OK, so the man that invented the facemask, playbooks and the draw play may have missed on that. But he tells Purdy he's having fun. And Mike Brown, his father's partner in the venture since they founded the franchise together in 1967, is enjoying his father's joy.

"He never doubted himself," Mike Brown says. "If there is a difference in him this year, it's that his team is successful. And he's damn happy about it. I think what we needed here was a coach that could handle the situation and we got one."
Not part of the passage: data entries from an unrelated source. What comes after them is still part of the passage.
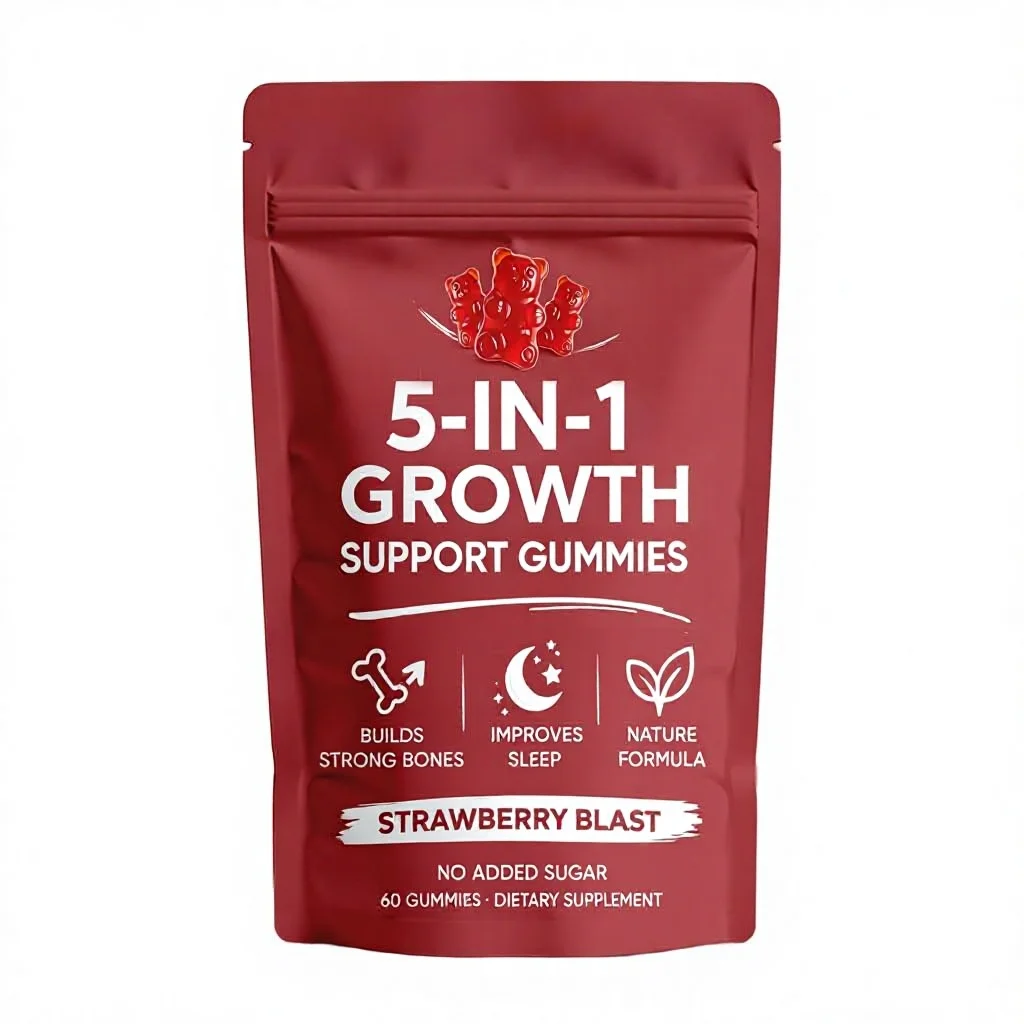 OEM Customizable Shaping Gummies Nature Formula Fruit Flavor Growth Gummies for Kid Natural Energy Supplement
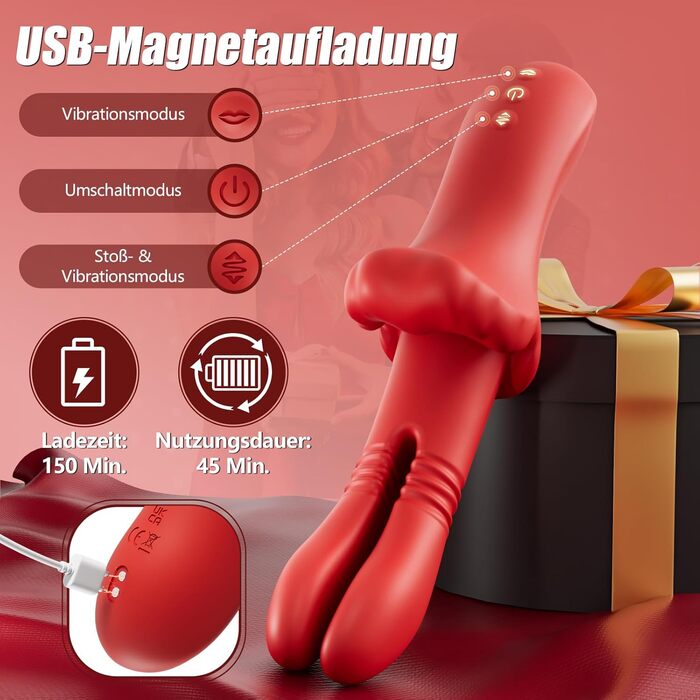 Вібратор для жінок з 10 функціями - стимулятор клітора, для пар, тихий, сексуальна іграшка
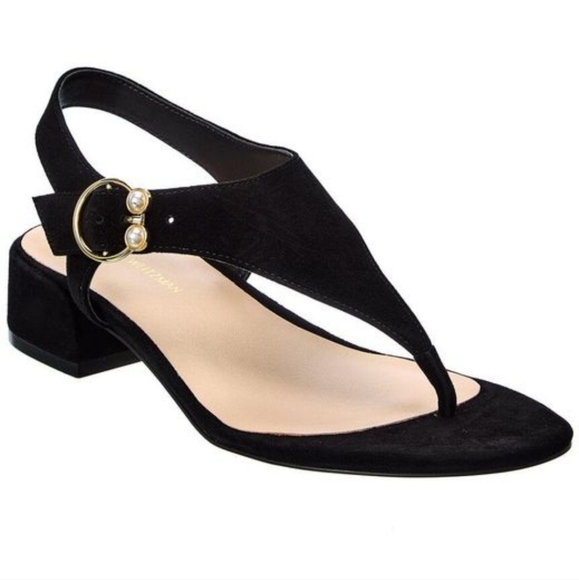 Stuart Weitzman Women's Black Pearlring T-strap Suede Sandal - Picture 1 of 6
Paul Brown spends only one day a week over at Spinney Field and that's on Monday when he sits through the team's film session and checks on the health of the team. While the coaches and players work at Spinney during the rest of the week, he stays at his Riverfront office and usually confers with Gregg in a daily phone conversation that encompasses all topics that include personnel.

Back in September in what turns out to be one of the biggest decisions in team history, Brown and Gregg discuss if Anderson should start the second game of the year after he was pulled in the opener and Turk Schonert beat Seattle.

"Forrest talked to me about that. He came to me with it," Paul Brown says. "I encouraged him to stay with Ken. I had Ken too long to think that what was happening would last."

Purdy has a brainstorm.

"During this afternoon's game we should probably tip our flasks in the direction of Paul Brown's booth," he says. "He is, after all, the reason all this is here. He is the reason Gregg is here. He is the reason Anderson is here. He is the reason the Bengals exist. He is the reason, to a large extent, that pro football dominates the nation's weekends the way it does. And today he is the reason I am pouring catsup all over my crow."

The Super Bowl, it turns out, is closer than you think as the crow flies.